### MATERIAL FOR THE TASK

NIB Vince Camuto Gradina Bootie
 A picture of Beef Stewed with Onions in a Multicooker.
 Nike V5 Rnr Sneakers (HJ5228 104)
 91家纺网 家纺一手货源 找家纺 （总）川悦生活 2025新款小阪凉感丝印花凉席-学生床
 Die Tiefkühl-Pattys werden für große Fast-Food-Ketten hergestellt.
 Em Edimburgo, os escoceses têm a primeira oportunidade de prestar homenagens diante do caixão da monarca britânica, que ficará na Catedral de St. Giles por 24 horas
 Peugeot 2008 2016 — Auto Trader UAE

######

→ **EXERCISE DETAILS**
If a line comes after the one that contains "Die Tiefkühl-Pattys werden", leave it out; return every line of the entries up to that point exactly, starting with the first, with that line included.

→ **RESPONSE AREA**
NIB Vince Camuto Gradina Bootie
 A picture of Beef Stewed with Onions in a Multicooker.
 Nike V5 Rnr Sneakers (HJ5228 104)
 91家纺网 家纺一手货源 找家纺 （总）川悦生活 2025新款小阪凉感丝印花凉席-学生床
 Die Tiefkühl-Pattys werden für große Fast-Food-Ketten hergestellt.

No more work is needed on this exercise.